Information provided:
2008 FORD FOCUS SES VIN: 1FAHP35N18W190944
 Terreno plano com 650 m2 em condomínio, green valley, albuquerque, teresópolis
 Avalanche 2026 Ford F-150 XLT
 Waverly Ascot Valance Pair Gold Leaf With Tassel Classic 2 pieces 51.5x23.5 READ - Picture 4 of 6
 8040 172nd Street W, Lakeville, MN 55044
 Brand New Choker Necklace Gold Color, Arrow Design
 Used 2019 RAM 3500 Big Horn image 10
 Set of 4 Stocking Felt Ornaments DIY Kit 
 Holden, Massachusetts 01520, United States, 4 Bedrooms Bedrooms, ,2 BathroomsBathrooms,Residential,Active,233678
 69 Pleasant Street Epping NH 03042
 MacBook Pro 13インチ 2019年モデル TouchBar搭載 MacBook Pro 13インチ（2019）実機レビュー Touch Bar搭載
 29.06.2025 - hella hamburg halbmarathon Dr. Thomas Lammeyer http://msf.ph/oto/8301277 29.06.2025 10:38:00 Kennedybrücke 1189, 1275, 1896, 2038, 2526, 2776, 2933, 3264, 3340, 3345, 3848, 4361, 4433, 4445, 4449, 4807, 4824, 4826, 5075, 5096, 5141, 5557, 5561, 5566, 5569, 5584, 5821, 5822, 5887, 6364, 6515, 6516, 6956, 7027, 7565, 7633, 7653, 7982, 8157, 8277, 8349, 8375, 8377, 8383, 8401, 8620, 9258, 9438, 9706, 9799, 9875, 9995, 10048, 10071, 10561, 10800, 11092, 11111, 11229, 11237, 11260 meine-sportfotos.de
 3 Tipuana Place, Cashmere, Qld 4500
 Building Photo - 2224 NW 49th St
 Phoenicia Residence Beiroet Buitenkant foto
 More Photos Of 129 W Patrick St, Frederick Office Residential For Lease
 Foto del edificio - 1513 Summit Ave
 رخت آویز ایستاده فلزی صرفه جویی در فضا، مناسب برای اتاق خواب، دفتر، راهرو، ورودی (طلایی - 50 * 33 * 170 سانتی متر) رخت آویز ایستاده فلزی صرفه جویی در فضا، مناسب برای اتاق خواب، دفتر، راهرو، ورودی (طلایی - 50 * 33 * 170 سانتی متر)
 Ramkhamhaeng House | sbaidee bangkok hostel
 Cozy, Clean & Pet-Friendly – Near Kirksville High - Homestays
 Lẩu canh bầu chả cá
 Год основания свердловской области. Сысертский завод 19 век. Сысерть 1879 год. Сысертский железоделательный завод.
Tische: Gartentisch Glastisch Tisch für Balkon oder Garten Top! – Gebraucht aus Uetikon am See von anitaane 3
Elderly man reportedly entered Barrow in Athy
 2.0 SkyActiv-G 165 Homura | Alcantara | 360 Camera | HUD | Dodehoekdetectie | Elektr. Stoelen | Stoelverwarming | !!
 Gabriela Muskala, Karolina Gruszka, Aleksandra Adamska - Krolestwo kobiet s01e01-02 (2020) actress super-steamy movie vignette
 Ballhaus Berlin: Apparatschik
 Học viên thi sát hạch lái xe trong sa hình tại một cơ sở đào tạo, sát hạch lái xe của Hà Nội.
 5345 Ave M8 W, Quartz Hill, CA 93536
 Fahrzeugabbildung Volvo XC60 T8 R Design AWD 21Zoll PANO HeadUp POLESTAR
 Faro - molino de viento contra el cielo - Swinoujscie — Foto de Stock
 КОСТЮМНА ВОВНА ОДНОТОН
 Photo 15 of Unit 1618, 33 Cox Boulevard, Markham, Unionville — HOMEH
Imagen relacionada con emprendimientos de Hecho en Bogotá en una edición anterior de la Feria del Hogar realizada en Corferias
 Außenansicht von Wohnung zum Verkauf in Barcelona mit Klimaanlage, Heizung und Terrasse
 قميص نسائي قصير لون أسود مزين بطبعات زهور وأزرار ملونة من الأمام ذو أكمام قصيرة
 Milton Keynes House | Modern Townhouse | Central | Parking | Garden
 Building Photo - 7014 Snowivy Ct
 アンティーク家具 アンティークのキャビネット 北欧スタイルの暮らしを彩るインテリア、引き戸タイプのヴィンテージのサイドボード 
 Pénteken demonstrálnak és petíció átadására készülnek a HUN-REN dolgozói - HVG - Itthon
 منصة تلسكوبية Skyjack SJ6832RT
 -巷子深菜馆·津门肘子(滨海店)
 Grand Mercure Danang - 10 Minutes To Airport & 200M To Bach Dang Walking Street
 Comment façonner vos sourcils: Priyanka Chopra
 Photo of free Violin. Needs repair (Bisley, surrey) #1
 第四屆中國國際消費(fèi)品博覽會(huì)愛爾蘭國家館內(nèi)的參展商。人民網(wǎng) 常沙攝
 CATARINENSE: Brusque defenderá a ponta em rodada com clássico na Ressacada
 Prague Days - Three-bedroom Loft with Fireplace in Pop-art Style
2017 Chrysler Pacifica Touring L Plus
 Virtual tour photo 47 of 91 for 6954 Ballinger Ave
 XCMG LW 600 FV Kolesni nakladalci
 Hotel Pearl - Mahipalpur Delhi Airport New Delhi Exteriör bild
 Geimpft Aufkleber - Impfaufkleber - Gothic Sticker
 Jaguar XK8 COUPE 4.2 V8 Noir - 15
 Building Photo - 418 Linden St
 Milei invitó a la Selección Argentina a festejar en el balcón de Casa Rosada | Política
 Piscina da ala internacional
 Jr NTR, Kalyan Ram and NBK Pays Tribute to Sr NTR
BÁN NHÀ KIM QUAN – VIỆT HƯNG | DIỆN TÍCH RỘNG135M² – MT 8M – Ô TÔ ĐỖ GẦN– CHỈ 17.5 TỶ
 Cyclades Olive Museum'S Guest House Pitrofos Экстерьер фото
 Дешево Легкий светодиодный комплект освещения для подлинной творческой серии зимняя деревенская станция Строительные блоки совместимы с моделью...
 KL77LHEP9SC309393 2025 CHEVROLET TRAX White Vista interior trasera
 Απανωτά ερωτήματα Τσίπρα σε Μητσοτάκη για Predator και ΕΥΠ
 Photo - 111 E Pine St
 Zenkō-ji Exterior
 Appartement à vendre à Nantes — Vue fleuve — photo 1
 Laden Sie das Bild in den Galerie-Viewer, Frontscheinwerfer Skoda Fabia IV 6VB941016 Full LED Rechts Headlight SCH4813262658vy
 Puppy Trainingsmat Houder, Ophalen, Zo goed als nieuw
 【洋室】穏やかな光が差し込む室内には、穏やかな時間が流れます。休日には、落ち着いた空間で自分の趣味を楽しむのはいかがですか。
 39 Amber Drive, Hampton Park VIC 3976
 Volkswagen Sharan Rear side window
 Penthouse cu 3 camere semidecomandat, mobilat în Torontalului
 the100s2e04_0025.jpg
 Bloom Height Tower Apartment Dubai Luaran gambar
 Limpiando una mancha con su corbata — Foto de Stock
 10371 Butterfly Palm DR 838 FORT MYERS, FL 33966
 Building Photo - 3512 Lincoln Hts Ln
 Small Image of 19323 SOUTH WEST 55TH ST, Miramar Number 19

Task objective: Within the material above, output exactly the lines from the one with "Photo - 111 E Pine St" through the one with "39 Amber Drive, Hampton Park VIC 3976", end lines included, and nothing besides.

Answer box:
 Photo - 111 E Pine St
 Zenkō-ji Exterior
 Appartement à vendre à Nantes — Vue fleuve — photo 1
 Laden Sie das Bild in den Galerie-Viewer, Frontscheinwerfer Skoda Fabia IV 6VB941016 Full LED Rechts Headlight SCH4813262658vy
 Puppy Trainingsmat Houder, Ophalen, Zo goed als nieuw
 【洋室】穏やかな光が差し込む室内には、穏やかな時間が流れます。休日には、落ち着いた空間で自分の趣味を楽しむのはいかがですか。
 39 Amber Drive, Hampton Park VIC 3976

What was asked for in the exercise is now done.